I’d like to first openly suggest that had this original post been written from a “skinny mom’s” perspective that, for one, it would have been a truly sad and unfortunate eating disordered experience of life and, for another, it would have been less of a completely judgmental, destructively stereotypical post-slash-rant.

Moreover, had this article been written about a “fat” mom, it never would have been published.

However, it’s apparently perfectly okay to perpetuate horribly damaging and un-true stereotypes of “skinny” moms.

Because skinny does not equal eating disorders or body dysmorphia, any more than a slightly overweight mom should be seen as lazy or self-hating.

That last part of my previous sentence was cringe-worthy to read, no?

Yeah—had this article been about “fat moms,” it wouldn’t have been birthed.

Seeing women as dichotomously “skinny” or “fat” is not only terribly and obtusely stereotypical, but it’s a shallow portrayal of the depth of women, and of people in general and, in relation to this particular article, definitively equating “skinny” with “eating disordered” is unfortunately wrong, damaging to understanding and healing true eating disorders—and it’s still body shaming.

I’m a “skinny mom.”

I’m not tan, because I just had a baby and her eldest sister has fair skin, so we often hang out in the shade or with sunscreen slathered on. The rest of this could describe me, though.

I lost my baby weight quickly, after both births.

I do still have signs of this, although I didn’t have C-sections–but I bought a new belly ring yesterday and its little blue gemstones are shining alongside my still-present Linea nigra and my fairly chiseled abs.

I do workout a lot.

I began exercising regularly in high school and I never stopped.

I didn’t stop during either pregnancy and I didn’t stop after having children.

I move my body because it feels good, and for that reason alone.

And, no, you didn’t “see” me.

You, apparently, didn’t see how much I love my body.

You didn’t see that I’m proud of the butt that I’ve toned doing squats in my basement while the baby is in her swing and her older sister is at preschool for a couple of hours.

You didn’t see that I’m teaching these two little girls to love their bodies too—I’m teaching them to not sneer at women and judge the way some women do—the way your article did—and I’m teaching them that just because some people don’t love themselves enough to love others, this doesn’t mean that we should be any less kind ourselves.

I am compassionate with myself.

I’m compassionate with my body, too—and I’ve never loved my body more than after it gave birth to my second child.

I felt proud of what it could do and of how my body worked for both of us during my labor and delivery.

I love, equally, the skin that still hangs loosely from giving birth last October, as well as the arms that someone recently called “Michelle Obama arms.”

I don’t shed tears when I try on bathing suits.

Actually, I just tried on bathing suits with my oldest daughter at a store in the mall two days ago—we had a blast.

I left without buying one, though, because, as it turns out, I’m fine wearing my old Speedo one-piece, that I bought four years ago for my daughter’s first mommy-and-me swim lessons at the Y.

Because when I’m running through the sprinkler with her in the backyard, the last thing that I’m thinking about is how I look in a swimsuit.
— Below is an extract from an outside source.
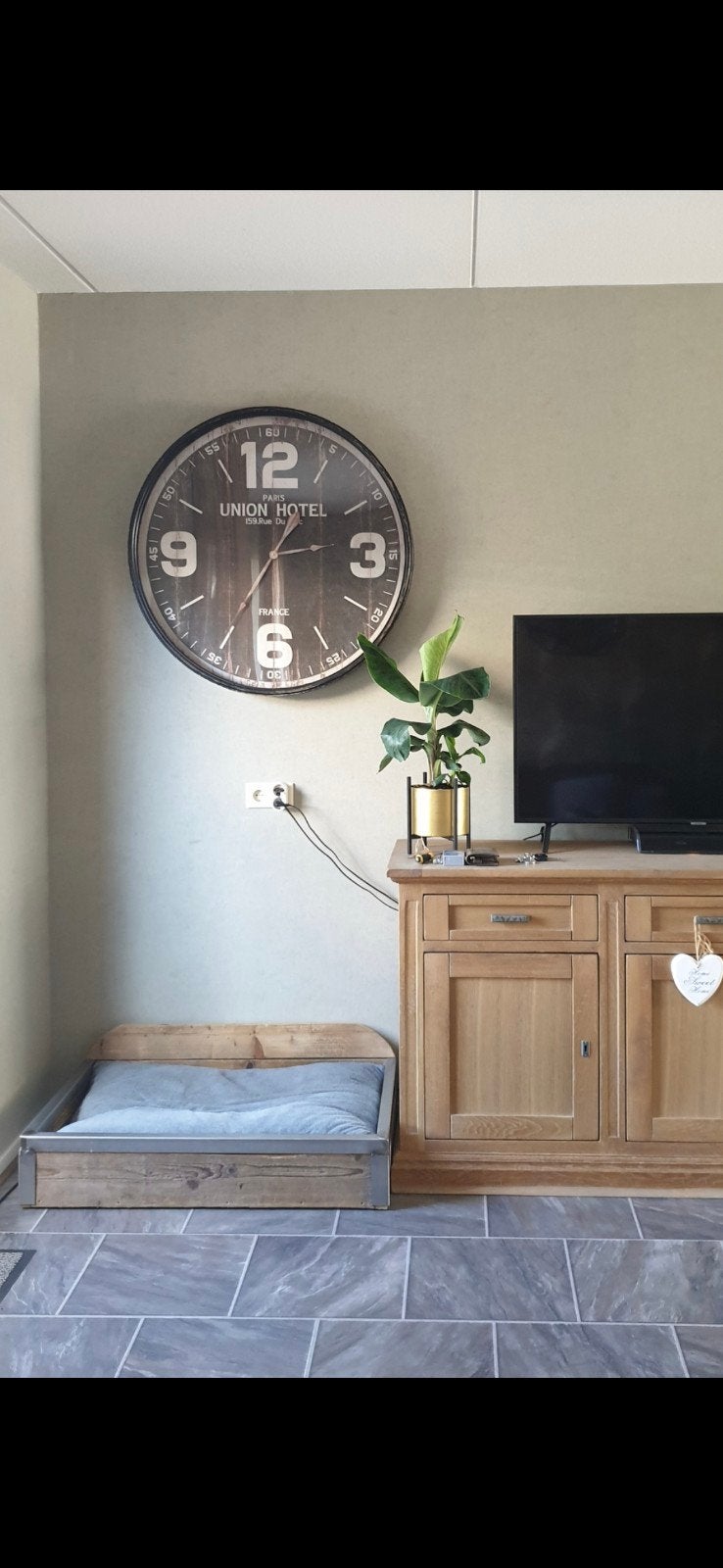 Grote wandklok 90 cm doorsnee - Industrieel design, Huis en Inrichting, Ophalen, Analoog, Industrieel, Zwart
Instead, I’m focusing on how cute she looks in hers, on the way the water goes into my eye and makes my contact lens blur and on her squeals of delight.
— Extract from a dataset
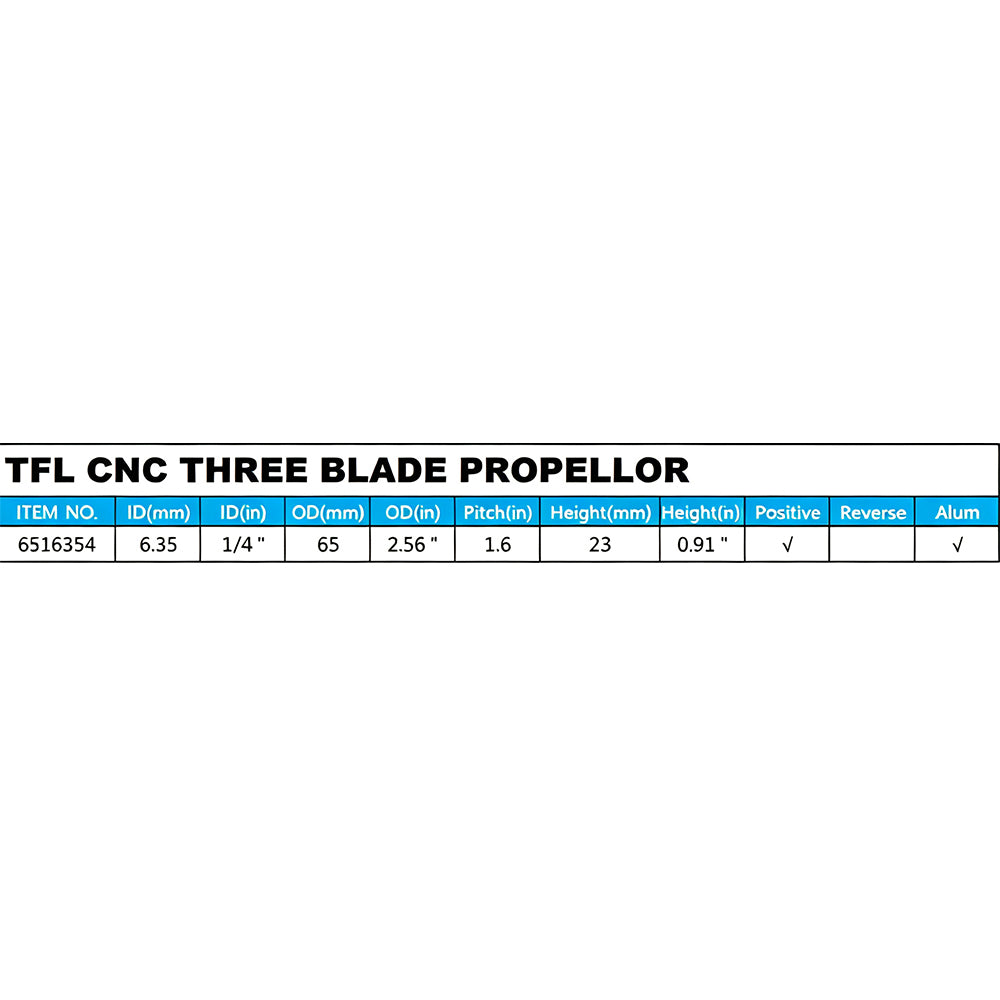 TFL RC  Boat CNC Aluminum Three Blades Propeller 1.6 Pitch, 6.35mm shaft，Diameter 65mm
I feel sorry for moms, whether thin or not, who can’t experience their children’s babyhood because they are in the throes of an eating disorder.

I’m not.

I’m a thin mom who loves to move my body, who loves to eat healthy food and have a glass of wine and some dark chocolate every night, who loves to sit on the front porch with my husband after the kids go to bed, who loves to read, who loves my children—who, frankly, is a person beyond my physical exterior, and I recognize this.

So, no—you didn’t see me.

You saw either your own fears and demons or a stereotype, or both.

You didn’t see how much more I am than my body and how happy I am living inside of it.

Because if you had seen me, you surely would have noticed my athletic physique—but you also would have taken in much, much more.

 

Photo: Flickr/Mother and daughter running through the fountain.

4 thoughts on “What You Didn’t See When You Looked at A “Skinny Mom”: A Response.

  1. thank you for this post! I’m not a mom but I’m skinny, it’s my body type and I cannot be another… And it’s sometimes very difficult for me to accept my body with all the “skinny sharing” everywhere, all those people who see me like a woman with an eating disorder or so..

  2. The article you are referring to isn’t about you or your experience of your body. You sound lucky and happy, which is great. The article on scary mommy was autobiographical, about a Different woman’s experience her body.

    1. That may be the case, but it wasn’t written as an autobiographical experience. It was written saying “this is what’s really going on when you look at a skinny mom.” That was the type of language and the framework the original author used. If she had written in the first person and made it about herself instead of offering it up as a truth about what skinny moms are actually going through, it would have been a much less offensive, much more helpful article. As it is, it feeds into incredibly offensive body shaming stereotypes. Sorry…not all skinny women are starving themselves or full of self loathing.

    2. Kate summarized eloquently my thoughts and the express reasons for writing this response. However, I’d like to note one more problematic aspect of this article.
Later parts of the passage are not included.